|Biographical detail : ||The father of Pakistan’s Atom Bomb.
Pakistan exploded six nuclear weapons in the desert of Baluchistan, in May 1998, (two weeks after India’s re-tested theirs), to scenes of national ecstasy, and Abdul Qadeer Khan was hailed as a hero. For three decades, at the top secret Kahuta Research Laboratories (now renamed Khan Research Laboratories) on the outskirts of Islamabad, Dr. Khan boosted uranium to weapons-grade and obtained enough of it to fuel Pakistan’s nuclear ambitions.
Khan moved to Europe to specialise in metallurgy at Berlin and at Leuven, in Belgium. In 1975, he joined a uranium enrichment plant in the Netherlands run by the British-Dutch-German consortium Urenco. In 1976 he returned to Pakistan and set in motion a nuclear weapons programme. Dr Khan promised the then President, Zulfikar Ali Bhutto, he could bring Pakistan back to parity with India, if the government could promise him unqualified support. Both promises were kept.
Dr Khan was awarded with Pakistan’s countless official decorations including 13 solid gold medals and many more public honours – the only Pakistani to have twice received the Nishan-I-Imtiaz, the country’s highest civilian honour. His image – wreathed in roses or electron rings – is a common sight on billboards and the sides of lorries that rumble down the roads of Pakistan. Ordinary Pakistanis revere Dr Khan as a great patriot and innovator who put himself at risk to obtain the nuclear grail.

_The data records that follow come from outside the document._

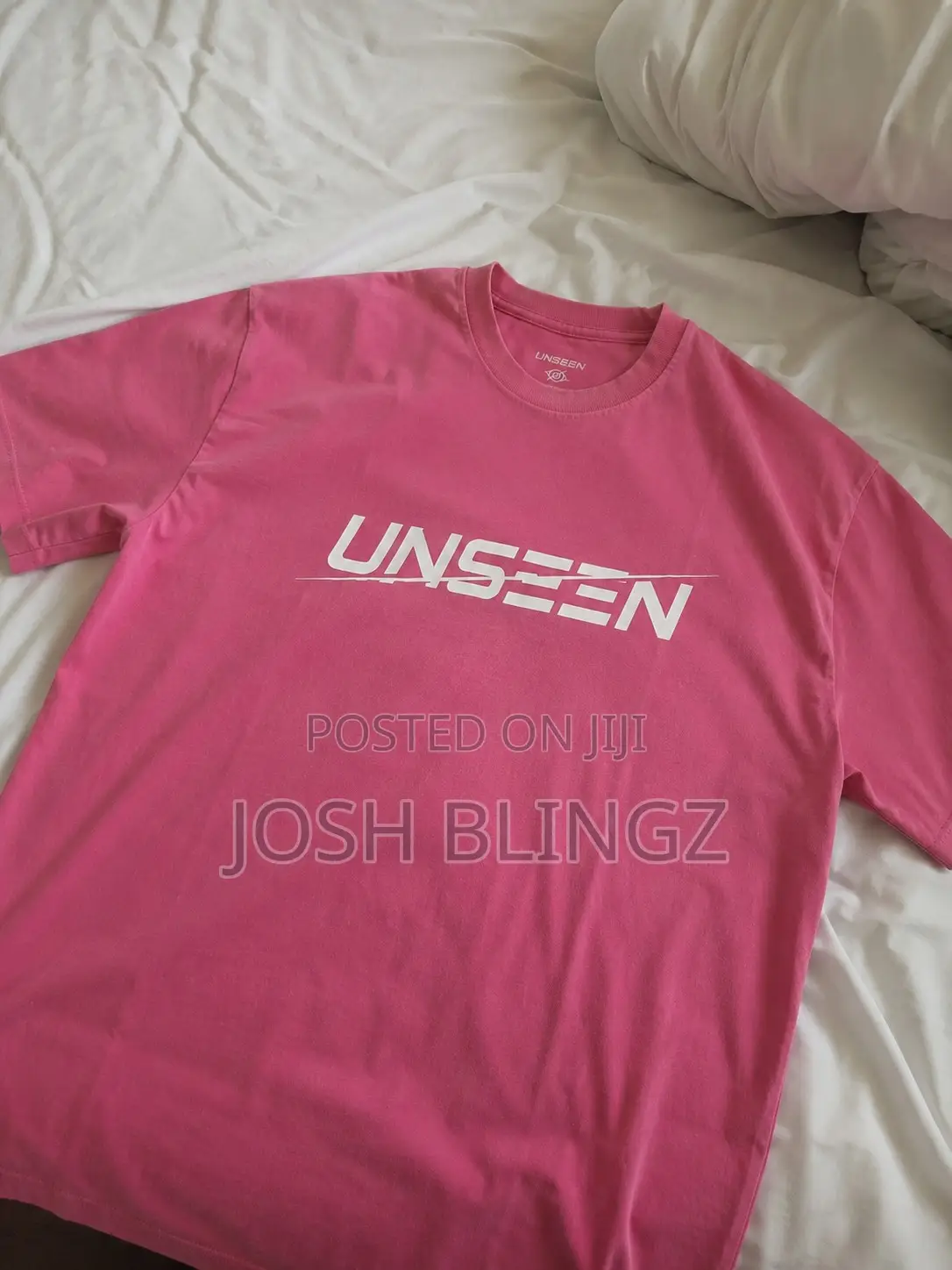 UNSEEN Oversized Streetwear T-Shirt – Premium Cotton. Black. White. Pi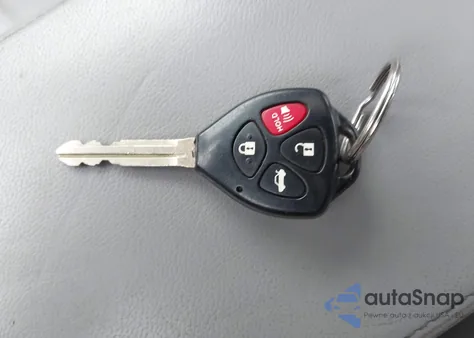 2010 Toyota Camry Xle из США, поврежденный, VIN 4T4BF3EK1AR075059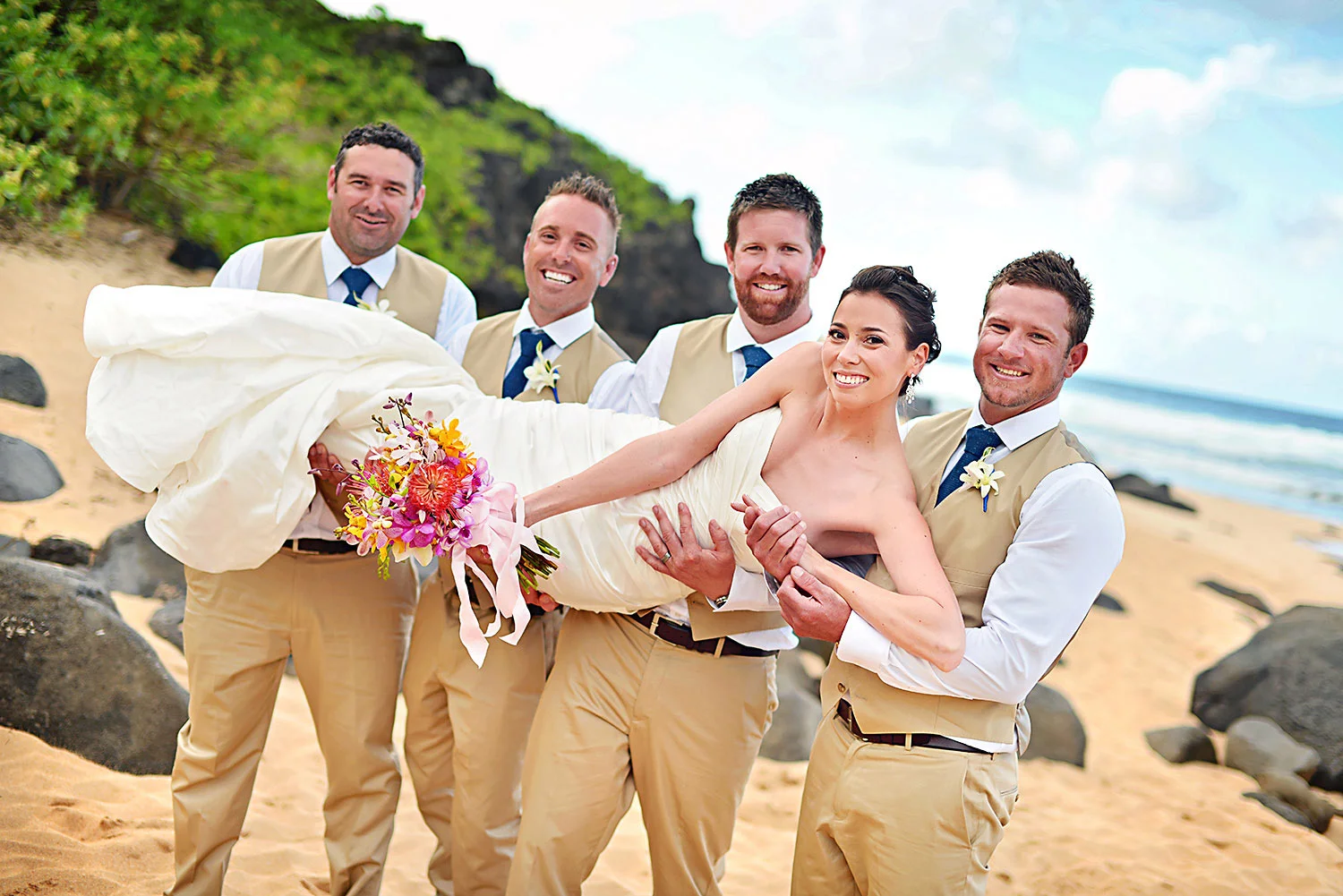 Kauai-Island-Hawaii-wedding-photo-(80).jpg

Dr Khan was charged in 2003 with overseeing the sale of nuclear technology and know-how to Iran, Libya and North Korea. He later made a public apology, saying he took full responsibility for the proliferation activities. Although, President Musharraf officially pardoned him in 2004, Mr Khan was confined mainly to his house, except for a trip to Karachi in 2007 for cancer treatment at a hospital.
However, in his first western media interview, in 2008, (since 2004) Mr Khan said President Musharraf had forced the confession upon him. “It was not of my own free will. It was handed into my hand”, he told the London’s the Guardian.
Abdul Qadeer Khan was born in Bhopal in India, he moved to Pakistan in 1952, five years after the partition of British India.